Within the world of music, specifically Hip Hop, we have a canon of “classics” as well. As an art form that is no longer in its infancy but neither at its full ascendancy, Hip Hop has produced timeless music that a subsequent generation has come to appreciate. The same undeniably “classic” breaks that formed the backbone of songs from Queens, NY to Queensland, Australia will be used –arguably- forever! Be it a kick drum from this record or a snare hit from another, it is this mining and re-mining of breaks that has always formed the basis of Hip Hop. Isn’t that the beautiful thing about our music: we can appropriate old sounds from any and everywhere, thus crafting something that is uniquely a new creation but oozes with an essence, a warmth, a vibe seldom found by veering too far from the roots and history of something that started with “two turntables and a microphone.” Even when it seems the creators of the music in its current incarnation stray from the original formula, Hip Hop always seems to come full circle and return to the timeless sounds that have made it such a wonderful listening experience.

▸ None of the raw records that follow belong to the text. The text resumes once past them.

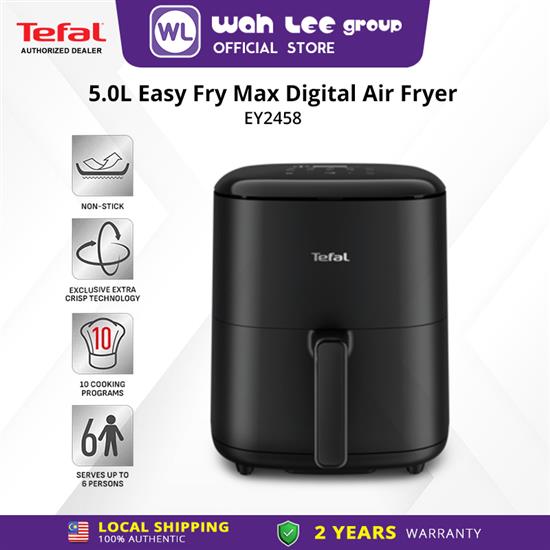 Picture of TEFAL AIR FRYER 5L EY2458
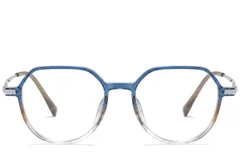 BS0218-0328_Blue_Oval_Titanium_Glasses_corner-front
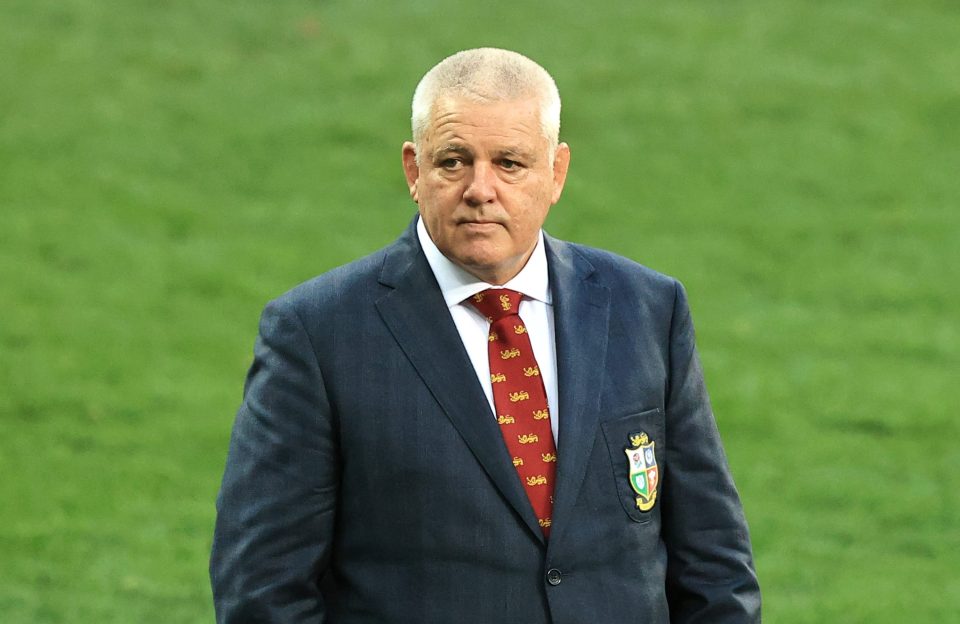 Gatland has made six changes for the series decider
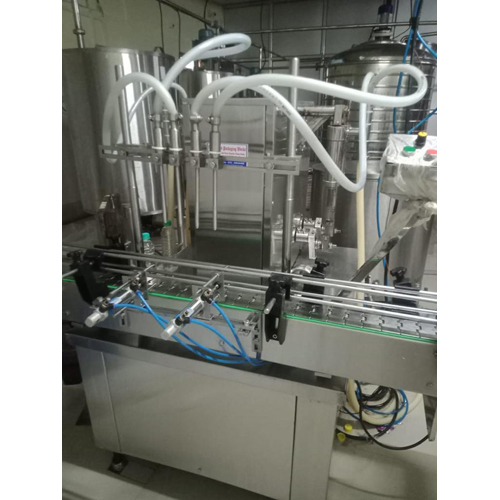 स्वचालित बॉटलिंग प्लांट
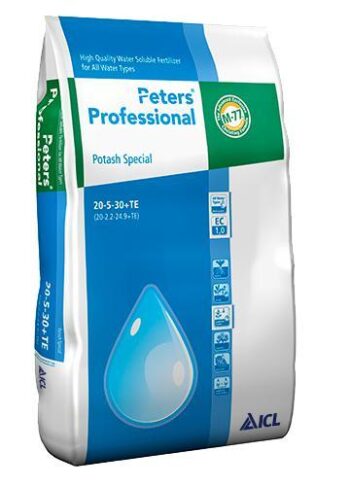 Peters Professional 20-05-30+TE Potash Special 15kg (zak)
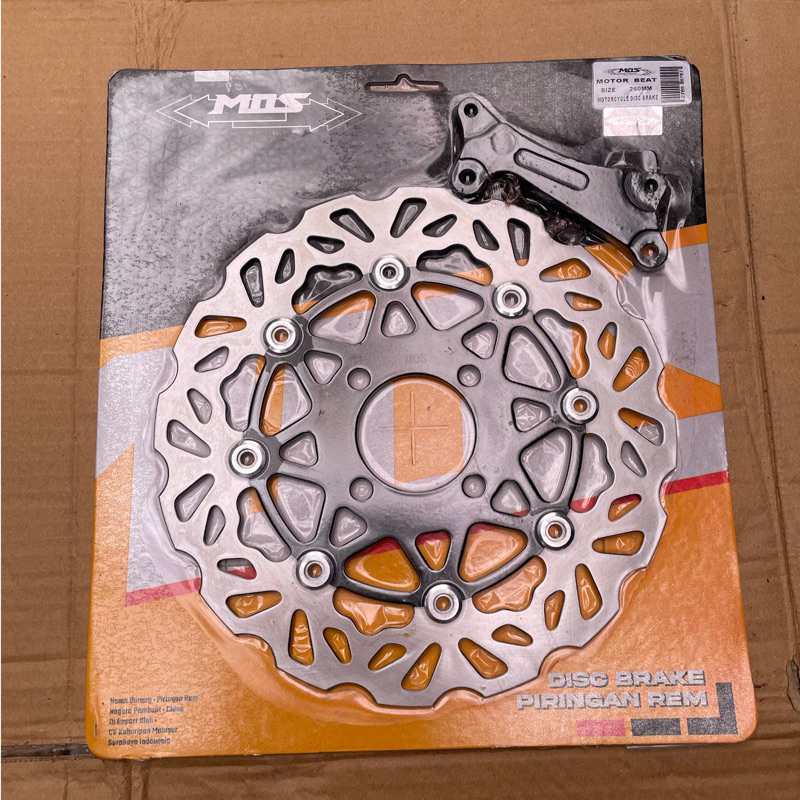 Disc Piringan Cakram 260mm Variasi Beat/ Scoopy/ Genio/ Vario110/ Vario 125/ Vario 150/Vario 160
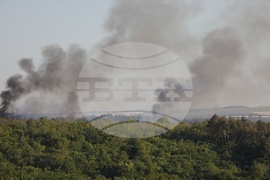 Русе - пожар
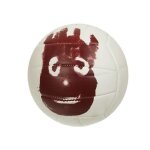 Ballon de beach volley - wilson - mr wilson volley - rsistant  leau - taille 5 - officiel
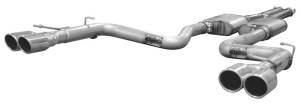 aFe Power Performance Parts & Installation | 1350 Offroad - aFe MACH Force-Xp 3 to 2-1/2-in Stainless Steel Cat-Back Exhaust Sys with Polished Tip - 49-36328-P - Image 1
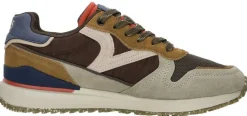 Victoria Sneakers Laag Donkerbruin Hot
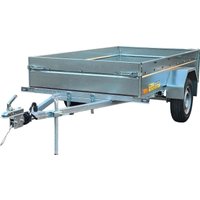 Одноосный прицеп Вектор ЛАВ-81011Е (2510x1320x350)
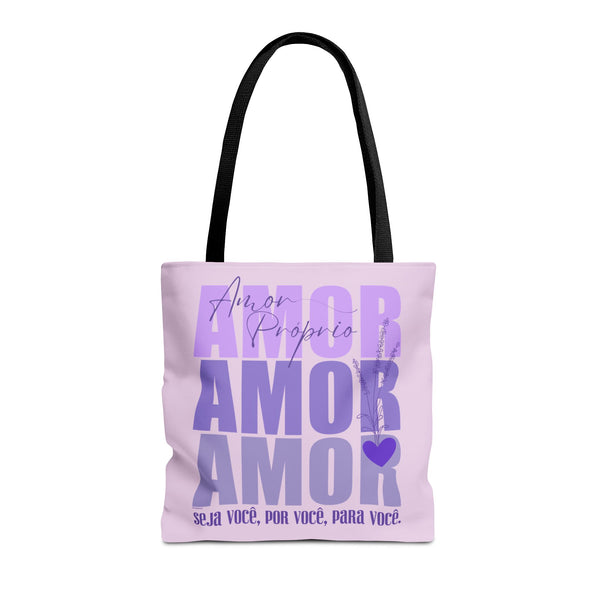 ♡ Amor Próprio .: Coleção Lavanda .: PRACTICAL TOTE BAG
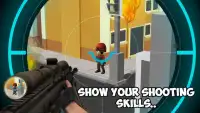 Toon Kota Sniper Shooter 3D Screen Shot 4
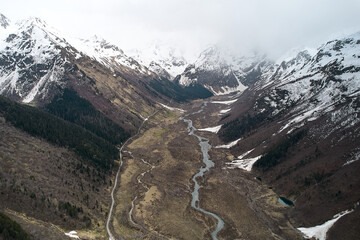 View from the top of the mountain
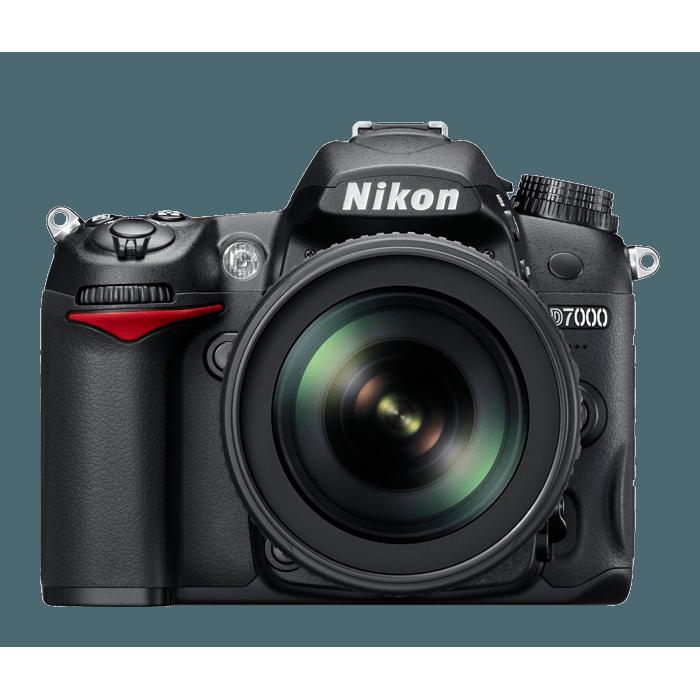 Reflex D7000 - Noir + Nikon 18-55Mm F / 3.5-5.6G Nikon Af-S Dx Nikkor F/3.5-5.6G Vr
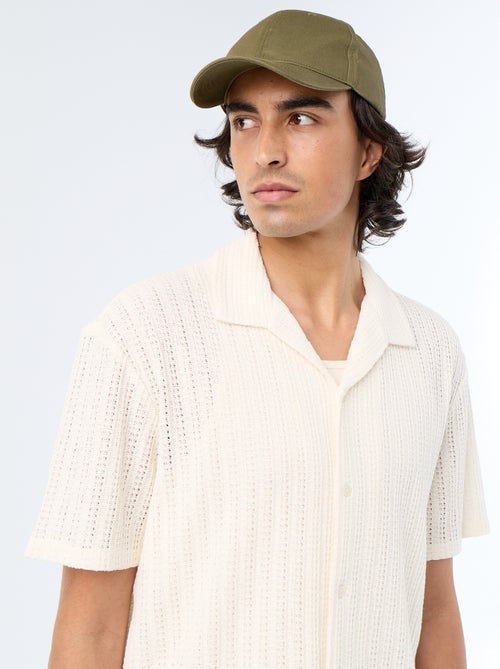 Polo en coton pour homme à manches courtes - Kiabi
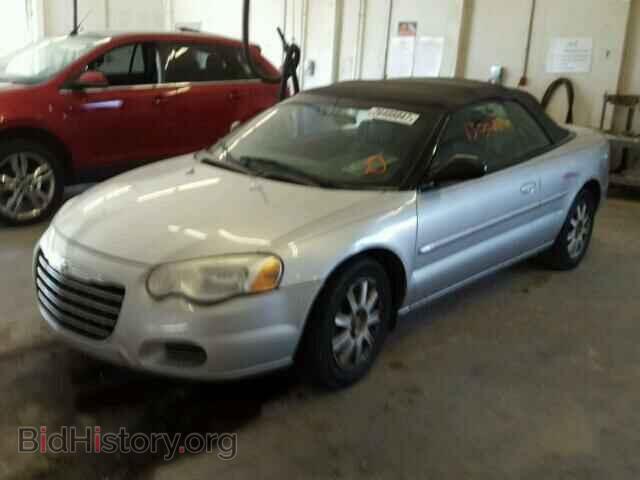 2006 CHRYSLER SEBRING - VIN: 1C3EL75R76N203593 - Фото 2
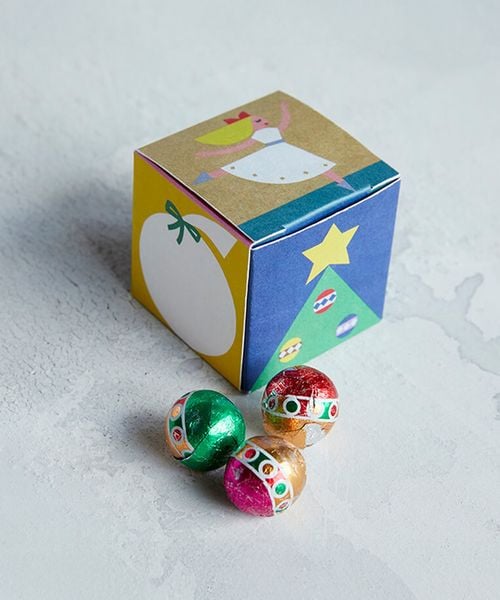 DEAN ＆ DELUCA パズルチョコレートボックス ツリー クリア 菓子 ディーンアンドデルーカ 632844 and ST アンドエスティ（旧ドットエスティ）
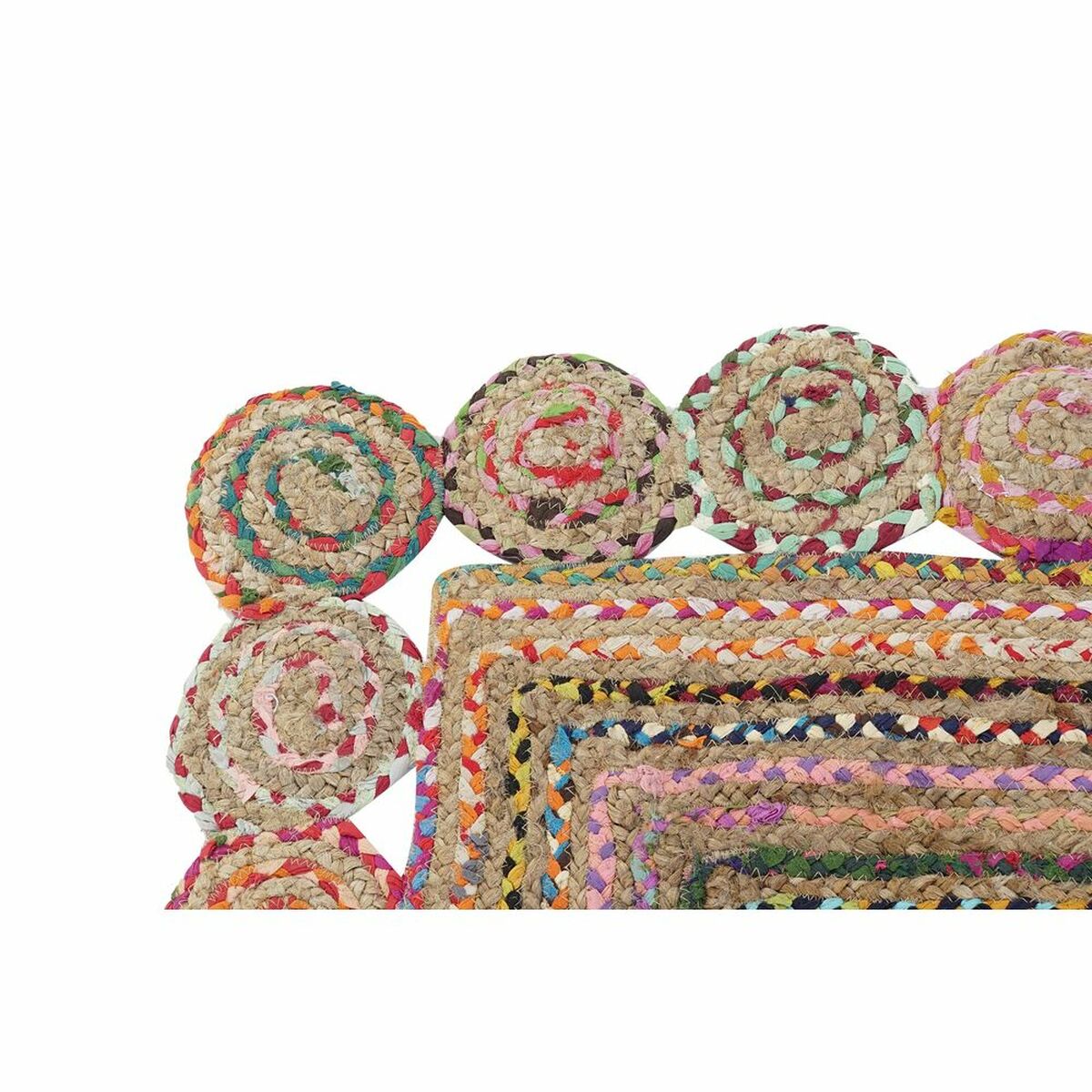 Matta DKD Home Decor Multicolour Arab (120 x 180 x 0,5 cm)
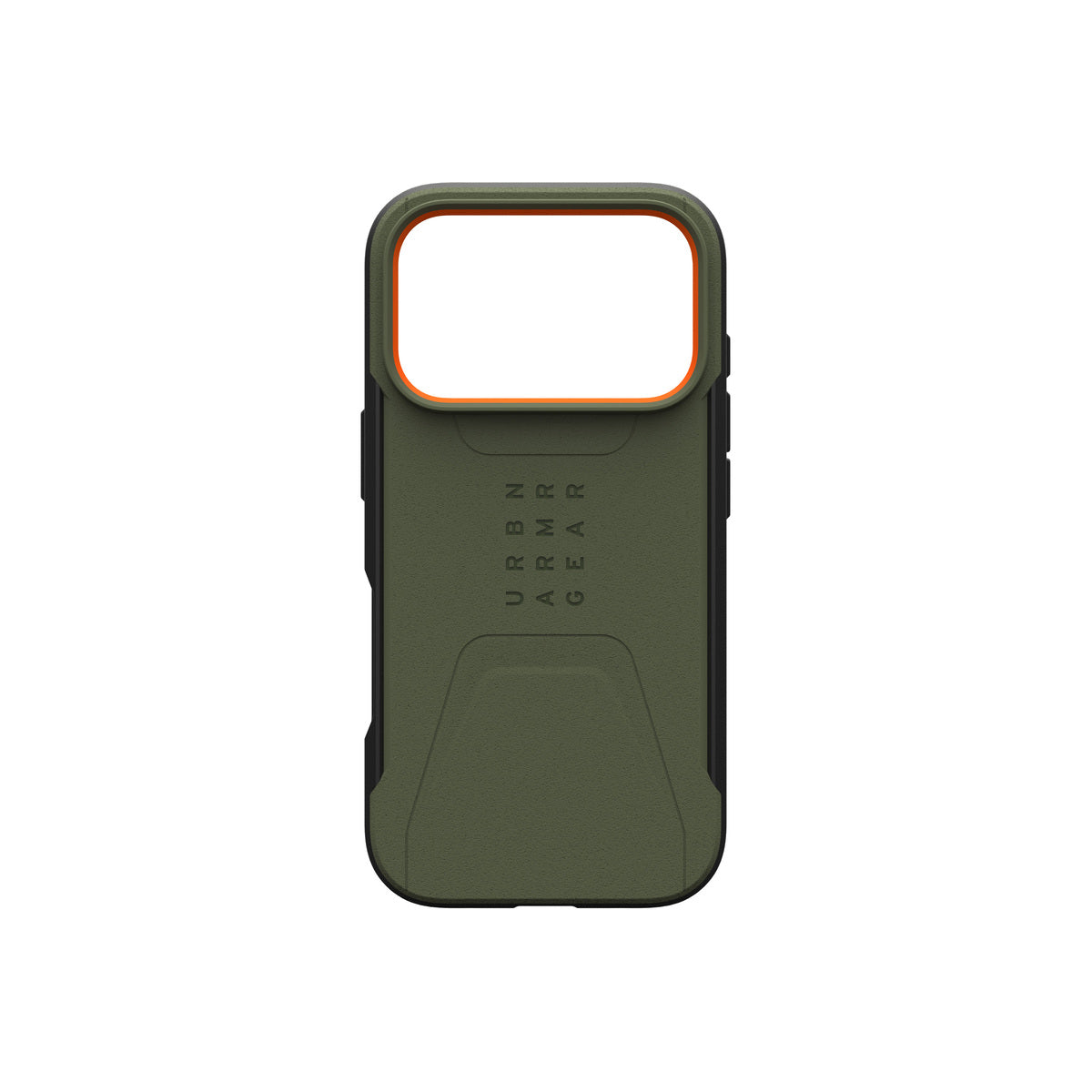 Kryt pro iPhone 17 Pro UAG Civilian Magsafe - olivově oranžový - istyle.work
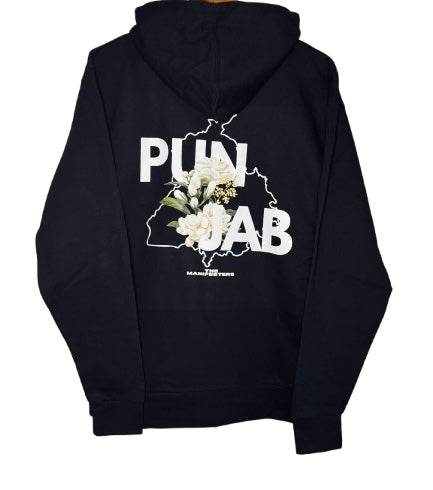 Floret punjab unisex hoodie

As the artists mentioned earlier did not craft their masterpieces without tools, Hip Hop is no different. Many of the works of art in our music that have transcended time were created with a certain tool of choice, a sampling drum machine with a unmistakable sound that pushed the creative limits of many a producer: E-mu’s SP 1200. The twisted genius of this machine was its ten-second –actually, closer to eight second- sampling time. The limitations imposed by the “SP” forces producers to dig deep within themselves to sonically manifest their creation. This machine is not for the faint of heart in light of the hardware –and software- that allows for seemingly infinite minutes of sample time. As the metallurgist forges and fashions his metallic mass into a shiny, brilliant thing of beauty, the “SP” does so in a similar fashion for the producer, perspective, sound and skill are acutely honed.
Gensu Dean has become adept at commandeering this drum machine; a true “10-second Jedi master” he has become. His journey did not start with this tool-of-the-trade, however. While Gensu was moving around to various global destinations due to his “army brat” upbringing, he was being exposed to different sounds as well as different equipment. He was initially “chopping” breaks for several years with Ensoniq’s sampling keyboards: the EPS 16 and ASR-10, respectively. From there, he moved, albeit in a somewhat reverse order, to various versions of the Music Production Center. As most producers graduate to new gear as the subsequent versions appear in the marketplace, Gensu, in a very contrarian manner, began with the MPC 2000/MPC 2000XL and then transitioned to the MPC 60. Anyone familiar with these pieces of gear is more than likely questioning this move as it contrasts from the normal producer equipment cycle. It was this non-traditional progression –a reinvention if you will- that gave him an appreciation for the machines behind the music and ultimately led him to his weapon of choice, his Excalibur: the SP 1200.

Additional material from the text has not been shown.